_WHAT TO WORK ON_
In the data below, find the line containing "柴油款玉米脱皮机 330型脱皮碾米机价格 多功能大型商用碾米机图片", then set down that line and every later line up to and including the line containing "Ivory Vein –", exactly.

[Scraped caption text data]
▼
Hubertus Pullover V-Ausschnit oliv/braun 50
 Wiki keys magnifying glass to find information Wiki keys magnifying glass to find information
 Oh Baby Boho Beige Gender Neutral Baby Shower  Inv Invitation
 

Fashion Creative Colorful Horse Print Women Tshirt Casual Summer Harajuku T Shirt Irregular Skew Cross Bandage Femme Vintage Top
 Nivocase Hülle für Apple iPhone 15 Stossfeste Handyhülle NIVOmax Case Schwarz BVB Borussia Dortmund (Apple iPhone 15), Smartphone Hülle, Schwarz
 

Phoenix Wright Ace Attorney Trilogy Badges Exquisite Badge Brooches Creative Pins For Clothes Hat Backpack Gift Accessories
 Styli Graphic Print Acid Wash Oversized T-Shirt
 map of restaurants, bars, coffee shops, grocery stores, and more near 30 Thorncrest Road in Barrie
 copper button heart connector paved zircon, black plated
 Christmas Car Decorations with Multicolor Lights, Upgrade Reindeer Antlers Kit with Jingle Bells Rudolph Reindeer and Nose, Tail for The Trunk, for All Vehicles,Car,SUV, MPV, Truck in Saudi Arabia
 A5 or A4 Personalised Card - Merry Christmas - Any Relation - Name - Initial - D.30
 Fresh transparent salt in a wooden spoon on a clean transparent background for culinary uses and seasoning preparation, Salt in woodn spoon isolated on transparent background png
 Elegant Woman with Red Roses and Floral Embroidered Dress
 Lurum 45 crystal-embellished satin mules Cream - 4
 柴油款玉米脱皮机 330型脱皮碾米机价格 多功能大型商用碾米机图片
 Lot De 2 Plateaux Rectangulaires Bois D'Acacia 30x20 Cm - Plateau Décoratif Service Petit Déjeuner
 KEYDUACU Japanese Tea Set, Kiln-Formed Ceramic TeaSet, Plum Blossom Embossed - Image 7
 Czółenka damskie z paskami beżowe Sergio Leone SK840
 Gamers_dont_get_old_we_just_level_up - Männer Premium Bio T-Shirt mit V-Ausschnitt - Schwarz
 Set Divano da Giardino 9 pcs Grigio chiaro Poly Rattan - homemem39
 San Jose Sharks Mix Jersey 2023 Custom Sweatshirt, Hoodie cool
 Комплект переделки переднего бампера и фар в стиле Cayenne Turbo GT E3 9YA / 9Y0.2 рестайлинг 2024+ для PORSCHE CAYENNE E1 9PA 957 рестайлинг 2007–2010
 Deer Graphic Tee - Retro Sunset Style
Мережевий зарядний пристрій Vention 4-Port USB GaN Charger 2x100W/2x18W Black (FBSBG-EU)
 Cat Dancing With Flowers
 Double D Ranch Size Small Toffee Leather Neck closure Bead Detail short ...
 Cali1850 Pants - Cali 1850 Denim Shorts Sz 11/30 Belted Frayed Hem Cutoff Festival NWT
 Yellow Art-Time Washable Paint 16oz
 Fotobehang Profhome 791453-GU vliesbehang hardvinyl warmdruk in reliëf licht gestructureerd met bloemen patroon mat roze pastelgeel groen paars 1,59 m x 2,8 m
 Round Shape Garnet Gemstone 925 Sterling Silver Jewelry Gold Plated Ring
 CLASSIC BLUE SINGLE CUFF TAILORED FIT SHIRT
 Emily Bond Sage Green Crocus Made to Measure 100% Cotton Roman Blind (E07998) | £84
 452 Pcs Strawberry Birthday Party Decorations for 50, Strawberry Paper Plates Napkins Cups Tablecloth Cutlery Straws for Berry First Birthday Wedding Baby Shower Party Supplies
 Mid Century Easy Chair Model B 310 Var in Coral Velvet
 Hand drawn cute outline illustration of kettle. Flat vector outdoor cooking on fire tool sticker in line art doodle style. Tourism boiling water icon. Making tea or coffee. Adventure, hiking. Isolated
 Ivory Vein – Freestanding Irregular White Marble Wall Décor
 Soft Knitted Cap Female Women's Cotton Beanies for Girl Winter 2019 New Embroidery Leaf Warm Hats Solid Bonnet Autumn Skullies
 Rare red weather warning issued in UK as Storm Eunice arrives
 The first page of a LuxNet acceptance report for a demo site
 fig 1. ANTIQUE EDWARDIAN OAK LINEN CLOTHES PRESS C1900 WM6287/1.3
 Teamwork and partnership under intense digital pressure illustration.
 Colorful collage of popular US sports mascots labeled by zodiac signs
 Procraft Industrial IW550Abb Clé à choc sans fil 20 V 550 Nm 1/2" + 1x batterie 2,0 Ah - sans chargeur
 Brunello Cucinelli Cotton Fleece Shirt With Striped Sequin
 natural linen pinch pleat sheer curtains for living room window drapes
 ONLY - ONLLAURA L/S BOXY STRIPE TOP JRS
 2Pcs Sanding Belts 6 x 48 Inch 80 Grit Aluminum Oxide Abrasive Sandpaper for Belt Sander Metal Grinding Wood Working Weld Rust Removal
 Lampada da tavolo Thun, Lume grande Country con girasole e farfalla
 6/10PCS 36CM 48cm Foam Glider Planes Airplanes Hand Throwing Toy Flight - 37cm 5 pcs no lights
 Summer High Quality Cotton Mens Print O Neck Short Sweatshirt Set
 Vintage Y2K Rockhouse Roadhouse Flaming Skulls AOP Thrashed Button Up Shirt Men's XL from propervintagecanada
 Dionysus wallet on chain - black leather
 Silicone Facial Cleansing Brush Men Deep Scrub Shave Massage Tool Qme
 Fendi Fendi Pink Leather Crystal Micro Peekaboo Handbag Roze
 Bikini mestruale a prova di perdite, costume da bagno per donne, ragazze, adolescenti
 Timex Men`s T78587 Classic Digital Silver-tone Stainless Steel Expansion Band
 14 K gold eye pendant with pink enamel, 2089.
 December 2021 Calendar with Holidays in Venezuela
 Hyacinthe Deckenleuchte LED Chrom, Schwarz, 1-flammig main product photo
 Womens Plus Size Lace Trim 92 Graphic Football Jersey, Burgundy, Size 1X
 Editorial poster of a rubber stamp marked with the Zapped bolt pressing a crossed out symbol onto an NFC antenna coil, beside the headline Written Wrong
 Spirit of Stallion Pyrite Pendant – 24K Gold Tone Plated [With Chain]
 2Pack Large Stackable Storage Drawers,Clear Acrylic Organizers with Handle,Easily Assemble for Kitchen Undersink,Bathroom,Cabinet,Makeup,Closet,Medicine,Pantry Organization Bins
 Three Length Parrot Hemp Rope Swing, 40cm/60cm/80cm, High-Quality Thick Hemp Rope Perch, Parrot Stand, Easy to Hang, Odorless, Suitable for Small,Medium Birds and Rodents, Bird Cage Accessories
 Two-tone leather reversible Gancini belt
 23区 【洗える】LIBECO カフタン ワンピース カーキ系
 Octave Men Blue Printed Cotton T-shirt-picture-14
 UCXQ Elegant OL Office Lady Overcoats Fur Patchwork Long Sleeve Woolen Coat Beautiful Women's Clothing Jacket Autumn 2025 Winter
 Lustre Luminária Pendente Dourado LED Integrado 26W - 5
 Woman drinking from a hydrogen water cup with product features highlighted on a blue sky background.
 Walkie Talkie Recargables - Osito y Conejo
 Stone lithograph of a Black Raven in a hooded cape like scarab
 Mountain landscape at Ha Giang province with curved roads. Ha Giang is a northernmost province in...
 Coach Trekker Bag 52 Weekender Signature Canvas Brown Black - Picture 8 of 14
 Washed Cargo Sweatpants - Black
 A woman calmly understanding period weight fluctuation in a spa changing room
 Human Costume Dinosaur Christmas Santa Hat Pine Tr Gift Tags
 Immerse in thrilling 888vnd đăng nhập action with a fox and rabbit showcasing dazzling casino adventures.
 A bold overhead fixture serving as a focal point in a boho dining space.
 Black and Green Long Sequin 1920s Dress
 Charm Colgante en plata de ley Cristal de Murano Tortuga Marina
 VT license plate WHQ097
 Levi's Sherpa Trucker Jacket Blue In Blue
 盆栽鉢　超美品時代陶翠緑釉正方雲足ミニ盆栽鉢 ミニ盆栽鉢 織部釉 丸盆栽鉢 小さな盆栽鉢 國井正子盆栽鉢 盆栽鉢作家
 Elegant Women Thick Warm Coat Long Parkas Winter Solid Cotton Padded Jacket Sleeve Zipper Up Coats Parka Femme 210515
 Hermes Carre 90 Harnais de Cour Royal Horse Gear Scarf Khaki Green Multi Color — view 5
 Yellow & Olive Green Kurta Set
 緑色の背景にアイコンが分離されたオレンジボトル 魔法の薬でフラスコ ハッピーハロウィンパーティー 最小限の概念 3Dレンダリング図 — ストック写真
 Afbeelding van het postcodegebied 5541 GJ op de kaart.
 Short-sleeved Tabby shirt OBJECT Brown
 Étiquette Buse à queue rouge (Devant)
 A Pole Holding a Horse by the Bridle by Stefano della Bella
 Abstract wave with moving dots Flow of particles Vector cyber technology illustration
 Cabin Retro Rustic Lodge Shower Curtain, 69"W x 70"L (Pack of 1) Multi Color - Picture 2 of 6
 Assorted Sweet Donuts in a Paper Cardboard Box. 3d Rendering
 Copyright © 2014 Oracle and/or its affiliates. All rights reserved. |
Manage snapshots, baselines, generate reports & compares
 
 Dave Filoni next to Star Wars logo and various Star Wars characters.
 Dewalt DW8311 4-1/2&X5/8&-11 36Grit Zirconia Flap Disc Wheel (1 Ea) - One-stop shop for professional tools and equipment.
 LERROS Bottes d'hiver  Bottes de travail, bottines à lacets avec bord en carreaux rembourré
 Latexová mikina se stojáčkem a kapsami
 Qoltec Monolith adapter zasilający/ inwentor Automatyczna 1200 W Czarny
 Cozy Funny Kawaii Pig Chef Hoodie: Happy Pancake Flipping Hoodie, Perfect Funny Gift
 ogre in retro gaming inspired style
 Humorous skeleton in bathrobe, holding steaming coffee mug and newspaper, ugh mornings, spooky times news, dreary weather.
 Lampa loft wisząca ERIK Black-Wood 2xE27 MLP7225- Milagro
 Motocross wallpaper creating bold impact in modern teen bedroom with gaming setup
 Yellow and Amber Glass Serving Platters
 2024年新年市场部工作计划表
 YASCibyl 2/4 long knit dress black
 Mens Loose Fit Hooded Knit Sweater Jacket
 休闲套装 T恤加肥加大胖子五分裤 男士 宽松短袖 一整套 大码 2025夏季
▲
_EXERCISE SOLUTION_
 柴油款玉米脱皮机 330型脱皮碾米机价格 多功能大型商用碾米机图片
 Lot De 2 Plateaux Rectangulaires Bois D'Acacia 30x20 Cm - Plateau Décoratif Service Petit Déjeuner
 KEYDUACU Japanese Tea Set, Kiln-Formed Ceramic TeaSet, Plum Blossom Embossed - Image 7
 Czółenka damskie z paskami beżowe Sergio Leone SK840
 Gamers_dont_get_old_we_just_level_up - Männer Premium Bio T-Shirt mit V-Ausschnitt - Schwarz
 Set Divano da Giardino 9 pcs Grigio chiaro Poly Rattan - homemem39
 San Jose Sharks Mix Jersey 2023 Custom Sweatshirt, Hoodie cool
 Комплект переделки переднего бампера и фар в стиле Cayenne Turbo GT E3 9YA / 9Y0.2 рестайлинг 2024+ для PORSCHE CAYENNE E1 9PA 957 рестайлинг 2007–2010
 Deer Graphic Tee - Retro Sunset Style
Мережевий зарядний пристрій Vention 4-Port USB GaN Charger 2x100W/2x18W Black (FBSBG-EU)
 Cat Dancing With Flowers
 Double D Ranch Size Small Toffee Leather Neck closure Bead Detail short ...
 Cali1850 Pants - Cali 1850 Denim Shorts Sz 11/30 Belted Frayed Hem Cutoff Festival NWT
 Yellow Art-Time Washable Paint 16oz
 Fotobehang Profhome 791453-GU vliesbehang hardvinyl warmdruk in reliëf licht gestructureerd met bloemen patroon mat roze pastelgeel groen paars 1,59 m x 2,8 m
 Round Shape Garnet Gemstone 925 Sterling Silver Jewelry Gold Plated Ring
 CLASSIC BLUE SINGLE CUFF TAILORED FIT SHIRT
 Emily Bond Sage Green Crocus Made to Measure 100% Cotton Roman Blind (E07998) | £84
 452 Pcs Strawberry Birthday Party Decorations for 50, Strawberry Paper Plates Napkins Cups Tablecloth Cutlery Straws for Berry First Birthday Wedding Baby Shower Party Supplies
 Mid Century Easy Chair Model B 310 Var in Coral Velvet
 Hand drawn cute outline illustration of kettle. Flat vector outdoor cooking on fire tool sticker in line art doodle style. Tourism boiling water icon. Making tea or coffee. Adventure, hiking. Isolated
 Ivory Vein – Freestanding Irregular White Marble Wall Décor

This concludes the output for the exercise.